今回は、Kahoが普段使用しているアンプのモデリング=SwitchAxeをベースに音作りしてもらった。
【COMP/WAH】SUSTAINER
LEVEL:5.4
TONE:5.8
ATTACK:5.0
SUSTAIN:3.5
【DRIVE】Tube Drive
OVERDRIVE:4.3
TONE:6.2
LEVEL:5.8
【AMP】SwitchAxe
GAIN:4.0
BASS:4.1
MIDDLE:4.0
TREBLE:6.8
VOLUME:5.8
【MOD/EQ】Digital Chorus
E.LEVEL:2.7
RATE:3.3
DEPTH:2.0
TONE:5.3
【REVERB】FLAT SHORT
LEVEL:1.7
DAMPING:3.2
LOW CUT:2.8
HIGH CUT:6.2
TIME:2.4
DWELL:2.9
ギター・ワイヤレス・システム=Spark LINKとは?

最大20mもの広範囲をカバーするワイヤレス・システム=Spark LINK。連続で使用できる時間は、驚異の6時間。加えて独自のチップセットにより3ms未満という超低レイテンシーを実現している。最大4チャンネルの同時利用が可能で、2.4Gワイヤレス伝送技術と24-bit/48kHzというサンプリングレートにより高品位なサウンドを実現している。どんな場所でもストレスのない演奏環境を提供してくれるアイテムと言えるだろう。
Positive Grid
Spark 2
Spark 2 Pearl
【スペック】
●出力:50W
●コントロール:PRESET SELECTOR、GAIN、BASS、MID、TREBLE、MASTER、MOD、DELAY、REVERB、MUSIC、GUITAR VOLUME、LOOPER CONTROL(REC/DUB、PLAY/STOP、UNDO/REDO/CLEAR)、TAP/TUNER BUTTON、PAIR
●入出力端子:INPUT、AUX IN、PHONES、LINE OUT(L/R)
●スピーカー:4インチ×2
●電源:DC 19Vアダプター
●サイズ:375(W)×180(D)×214(H)mm
●重量:約5.5kg
【価格】
Spark 2:50,600円(税込)
Spark 2 Pearl:50,600円(税込)
【問い合わせ】
メディア・インテグレーション MI事業部 カスタマーケア TEL:03-3477-1493 https://www.minet.jp
Kaho Profile
Kaho●2023年3月に結成された4人組ガールズ・バンド、Faulieu.(フォリュー)のリード・ギタリスト。
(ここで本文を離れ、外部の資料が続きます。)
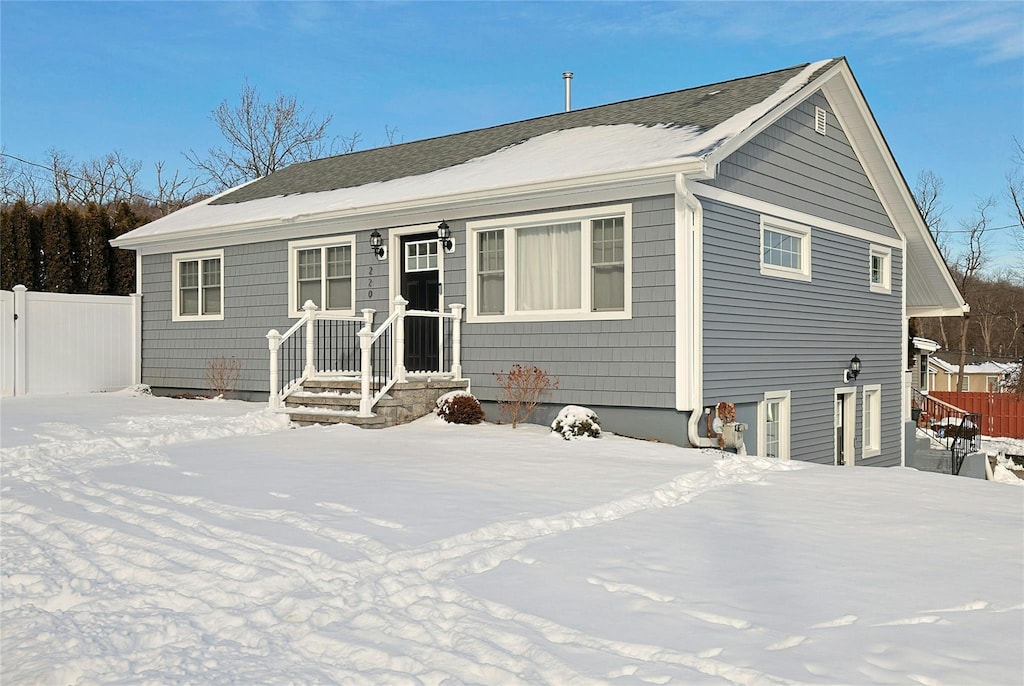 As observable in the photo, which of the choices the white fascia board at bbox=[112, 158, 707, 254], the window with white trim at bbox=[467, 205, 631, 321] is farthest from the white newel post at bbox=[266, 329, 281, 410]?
the window with white trim at bbox=[467, 205, 631, 321]

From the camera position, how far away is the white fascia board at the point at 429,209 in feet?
32.8

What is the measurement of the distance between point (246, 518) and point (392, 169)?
32.6 ft

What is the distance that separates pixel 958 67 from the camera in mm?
23406

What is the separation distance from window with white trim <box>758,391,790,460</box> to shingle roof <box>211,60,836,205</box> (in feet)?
13.4

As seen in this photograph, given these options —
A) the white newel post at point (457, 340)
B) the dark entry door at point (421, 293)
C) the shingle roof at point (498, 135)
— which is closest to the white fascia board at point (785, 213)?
the shingle roof at point (498, 135)

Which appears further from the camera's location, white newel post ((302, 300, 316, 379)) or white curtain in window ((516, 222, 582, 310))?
white newel post ((302, 300, 316, 379))

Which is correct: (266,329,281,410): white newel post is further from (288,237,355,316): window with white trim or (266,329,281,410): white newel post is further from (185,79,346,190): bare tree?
(185,79,346,190): bare tree

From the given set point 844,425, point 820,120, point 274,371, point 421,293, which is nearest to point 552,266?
point 421,293

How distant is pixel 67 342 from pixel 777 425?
40.8 ft

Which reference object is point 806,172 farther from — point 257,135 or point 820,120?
point 257,135

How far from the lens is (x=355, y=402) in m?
11.4

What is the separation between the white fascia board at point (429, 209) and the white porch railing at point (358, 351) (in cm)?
145

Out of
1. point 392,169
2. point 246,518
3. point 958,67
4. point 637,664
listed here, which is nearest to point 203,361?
point 392,169

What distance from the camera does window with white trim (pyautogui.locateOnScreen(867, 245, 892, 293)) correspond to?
15126 millimetres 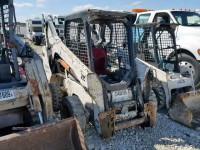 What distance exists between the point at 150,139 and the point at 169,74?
180 centimetres

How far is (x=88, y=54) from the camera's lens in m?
3.78

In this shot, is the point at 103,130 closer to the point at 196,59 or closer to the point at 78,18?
the point at 78,18

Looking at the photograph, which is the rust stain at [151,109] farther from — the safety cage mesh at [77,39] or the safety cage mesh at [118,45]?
the safety cage mesh at [77,39]

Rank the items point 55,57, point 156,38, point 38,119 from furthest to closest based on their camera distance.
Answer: point 156,38 < point 55,57 < point 38,119

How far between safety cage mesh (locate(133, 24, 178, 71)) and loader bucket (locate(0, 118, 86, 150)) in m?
3.71

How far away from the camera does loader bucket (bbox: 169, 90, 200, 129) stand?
4254mm

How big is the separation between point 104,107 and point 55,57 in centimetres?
186

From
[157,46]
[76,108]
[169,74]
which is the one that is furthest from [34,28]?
[76,108]

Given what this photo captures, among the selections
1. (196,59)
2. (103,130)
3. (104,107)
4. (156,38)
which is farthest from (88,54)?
(196,59)

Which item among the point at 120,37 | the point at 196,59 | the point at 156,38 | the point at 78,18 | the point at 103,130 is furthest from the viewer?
the point at 196,59

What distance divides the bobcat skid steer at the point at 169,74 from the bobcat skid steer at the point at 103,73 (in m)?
0.73

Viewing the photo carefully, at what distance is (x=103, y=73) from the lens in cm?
488

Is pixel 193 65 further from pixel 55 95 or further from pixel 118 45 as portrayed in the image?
pixel 55 95

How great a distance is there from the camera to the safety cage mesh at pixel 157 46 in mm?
5783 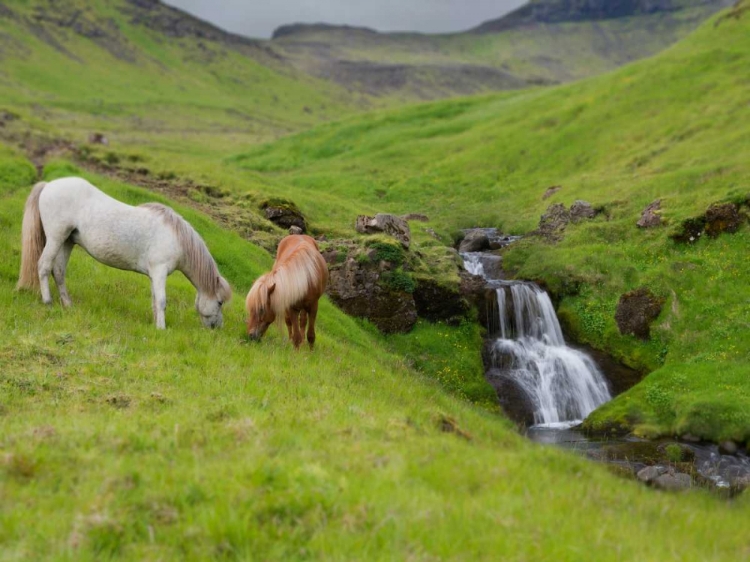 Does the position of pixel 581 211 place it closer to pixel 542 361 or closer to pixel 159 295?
pixel 542 361

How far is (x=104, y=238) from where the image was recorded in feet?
44.1

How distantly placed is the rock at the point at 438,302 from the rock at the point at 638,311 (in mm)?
6612

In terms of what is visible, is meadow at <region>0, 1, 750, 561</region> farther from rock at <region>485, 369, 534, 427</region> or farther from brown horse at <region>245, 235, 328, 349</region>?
rock at <region>485, 369, 534, 427</region>

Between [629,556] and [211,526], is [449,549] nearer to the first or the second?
[629,556]

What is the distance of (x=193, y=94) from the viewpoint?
7844 inches

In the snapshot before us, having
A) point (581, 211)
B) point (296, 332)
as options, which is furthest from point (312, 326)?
point (581, 211)

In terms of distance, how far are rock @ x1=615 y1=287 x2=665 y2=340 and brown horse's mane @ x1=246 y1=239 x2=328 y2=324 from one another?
1623 cm

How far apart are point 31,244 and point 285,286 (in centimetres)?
581

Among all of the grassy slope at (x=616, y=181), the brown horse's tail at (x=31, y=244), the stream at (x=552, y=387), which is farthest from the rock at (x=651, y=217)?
the brown horse's tail at (x=31, y=244)

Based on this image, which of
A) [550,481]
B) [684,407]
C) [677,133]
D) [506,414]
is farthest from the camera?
[677,133]

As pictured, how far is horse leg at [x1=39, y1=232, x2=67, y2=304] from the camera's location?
521 inches

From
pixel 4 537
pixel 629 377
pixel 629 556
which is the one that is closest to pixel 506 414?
pixel 629 377

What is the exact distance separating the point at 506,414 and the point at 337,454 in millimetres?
15472

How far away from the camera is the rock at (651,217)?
31.1m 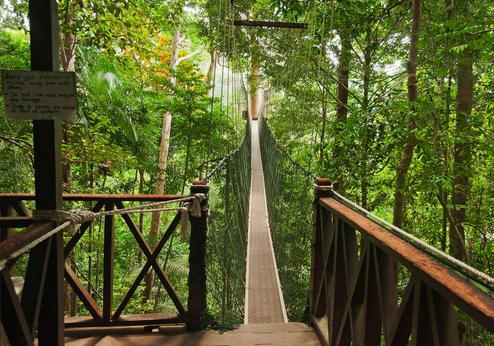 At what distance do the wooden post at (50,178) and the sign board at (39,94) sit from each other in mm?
30

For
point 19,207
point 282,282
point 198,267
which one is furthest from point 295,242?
point 19,207

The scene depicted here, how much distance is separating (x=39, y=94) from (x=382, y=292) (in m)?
0.96

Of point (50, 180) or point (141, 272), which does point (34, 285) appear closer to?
point (50, 180)

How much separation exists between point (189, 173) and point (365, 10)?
427 cm

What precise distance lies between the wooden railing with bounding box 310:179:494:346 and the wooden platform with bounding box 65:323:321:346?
122 millimetres

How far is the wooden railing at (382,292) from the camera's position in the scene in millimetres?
604

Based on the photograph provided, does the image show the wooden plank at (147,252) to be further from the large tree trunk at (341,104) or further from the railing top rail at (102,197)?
the large tree trunk at (341,104)

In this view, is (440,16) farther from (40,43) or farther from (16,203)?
(16,203)

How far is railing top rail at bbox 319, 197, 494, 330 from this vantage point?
1.72 ft

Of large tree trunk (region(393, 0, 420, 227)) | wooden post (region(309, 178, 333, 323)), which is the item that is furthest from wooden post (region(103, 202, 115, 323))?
large tree trunk (region(393, 0, 420, 227))

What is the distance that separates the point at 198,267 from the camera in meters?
1.57

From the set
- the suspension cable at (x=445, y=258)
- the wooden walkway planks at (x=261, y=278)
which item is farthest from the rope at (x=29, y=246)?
the wooden walkway planks at (x=261, y=278)

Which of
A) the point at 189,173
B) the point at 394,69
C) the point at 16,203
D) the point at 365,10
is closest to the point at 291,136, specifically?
the point at 189,173

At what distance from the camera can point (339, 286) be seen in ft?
4.15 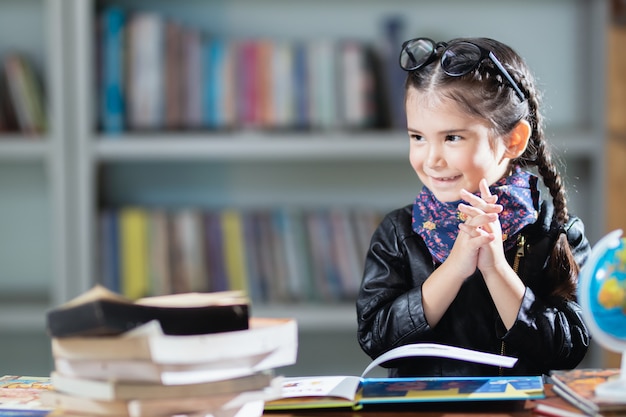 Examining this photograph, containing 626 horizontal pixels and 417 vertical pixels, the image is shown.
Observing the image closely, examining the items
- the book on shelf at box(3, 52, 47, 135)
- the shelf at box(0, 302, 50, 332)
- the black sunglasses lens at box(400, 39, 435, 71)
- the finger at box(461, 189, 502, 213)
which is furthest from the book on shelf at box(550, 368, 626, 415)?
the book on shelf at box(3, 52, 47, 135)

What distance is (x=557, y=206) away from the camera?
1347mm

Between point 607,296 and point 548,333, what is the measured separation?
10.6 inches

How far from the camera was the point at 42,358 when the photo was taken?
2906 mm

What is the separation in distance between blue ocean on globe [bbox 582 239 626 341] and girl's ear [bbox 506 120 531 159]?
30 centimetres

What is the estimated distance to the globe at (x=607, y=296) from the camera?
3.22 feet

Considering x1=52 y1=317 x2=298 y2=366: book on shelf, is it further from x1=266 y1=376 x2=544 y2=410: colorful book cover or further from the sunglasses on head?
the sunglasses on head

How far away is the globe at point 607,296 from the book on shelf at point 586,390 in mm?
11

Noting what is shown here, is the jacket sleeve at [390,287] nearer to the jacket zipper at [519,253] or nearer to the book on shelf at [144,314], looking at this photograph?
the jacket zipper at [519,253]

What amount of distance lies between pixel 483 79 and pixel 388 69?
4.63 ft

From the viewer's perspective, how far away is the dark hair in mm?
1227

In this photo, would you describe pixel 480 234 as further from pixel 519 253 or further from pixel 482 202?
pixel 519 253

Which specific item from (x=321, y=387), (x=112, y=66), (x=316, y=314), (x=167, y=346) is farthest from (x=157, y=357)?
(x=112, y=66)

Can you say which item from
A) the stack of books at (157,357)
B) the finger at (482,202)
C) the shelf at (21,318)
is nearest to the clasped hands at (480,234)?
the finger at (482,202)

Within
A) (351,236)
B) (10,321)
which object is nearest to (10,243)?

バンドは、国内の大型ロック・フェスをはじめ数々の音楽イベントに出演。さらにドラマ『子宮恋愛』『略奪奪婚』、アニメ『カナン様はあくまでチョロい』の主題歌も手がけるなど、現在熱い注目を集めている。ギタリストであるKahoは、バンドだけではなくサポート・ギタリストとしても活動中。最新作は、4月にリリースしたメジャー・デビュー・アルバム「MiX」。